Adventures in the Subway

It was 4:45 am Wednesday and I got up to try and view the total lunar eclipse that was allegedly happening. I looked at my phone and saw a text: “If you want you can come, we are leaving at 8 am sharp. Be ready with a pack and waterproof as much as you can.” It was an invite to hike the Subway in Zion National Park and something that I wasn’t going to turn down. I walked outside to catch a glimpse of the moon, but it was covered by clouds. I was sad that I didn’t get to see thhe eclipse, but I was ready to go into the depths of the earth through a canyon.

There were five of us on the trip, we all had the day off at the resort we work for. No one had done this particular canyon before, but everyone was comfortable rappelling and swimming, so we figured that we would be fine. It was about an hour and a half drive to get to the trailhead in the Kolob Terrace section of Zion National Park. On our way down we picked up wetsuits for the water we would be swimming in. We weren’t certain at first if we would need them, but by the end of the trip, everyone was grateful to have them.

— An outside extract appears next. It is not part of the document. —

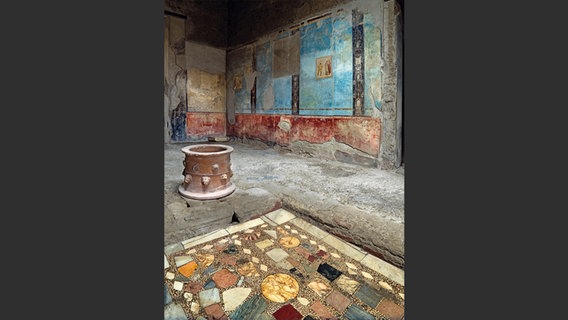 Bild aus dem Buch: "Pompeji" © Luigi Spina Foto: Luigi Spina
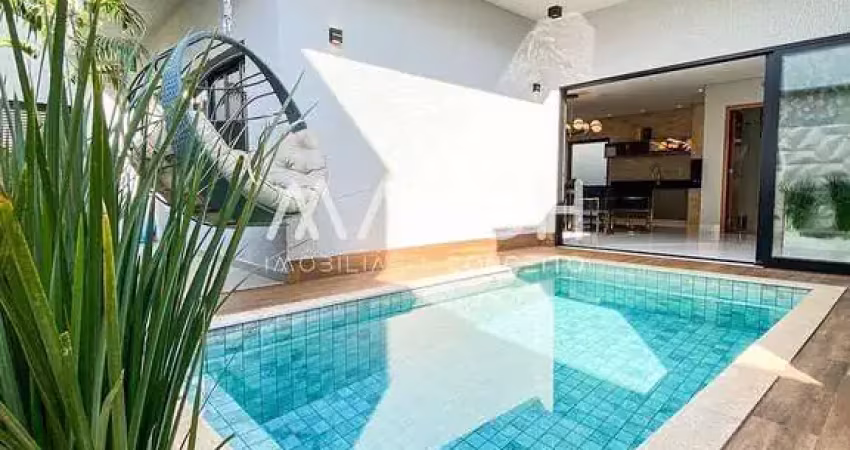 Casa térrea à venda com 216m², 3 suítes no residencial goiânia golfe clube, goiânia, go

I had never been to the Kolob part of Zion before so I wasn’t sure what to expect. After driving through, however, I think that I prefer this section over the main canyon; the views were spectacular and there was no traffic! After parking one car at the end of the trail, we drove up to the trailhead and started the approach. The first mile of this was fairly easy, but then the trail kind of ended so we had to do some exploring in order to find where the trail picked up again. Usually, this worked well enough, but there were a few times that we completely lost the trail and had to do some intense bushwhacking to find our way again. Fortunately, we had a map and compass, but it was certainly exciting!

After our group finally made it down into the canyon, we ate lunch and donned our wetsuits. The first rappel was right off the bat and around 20 feet tall. There were only three places where we needed to descend a rope, and they were all similar heights. Shortly after the first rappel, we hit the first pools of water. These parts were honestly the most fun, there were lots of deep pools that went over our heads which we slid/jumped into and swam through.

After hours of wading, swimming, scrambling, and boulder hopping, we exited the canyon and started the hike to our car. This was by far the most strenuous part of the trip; we hiked poorly built switchbacks for over half a mile up a cliff. Under normal circumstances, this would would have been fine, but after 6 hours of going through the Subway, this was more than a little bit painful. I also hadn’t packed enough water, poor planning on my part, so I finished my last bottle before we even got to the switchbacks. Because of this, as well as because it was my car at the exit, I powered ahead to the top. Unfortunately, as soon as I finished the climb I realized that my keys were in the dry bag with one of my fellow hikers. Luckily there was someone else at the parking lot who allowed me to have some of their water.

We were all exhausted when we regrouped and ready to get back home. It was an incredible adventure, to say the least, and one that I hope to do again. Being at the bottom of a canyon and traveling through a stream bed is a unique experience; it is hard to compare it to anything else.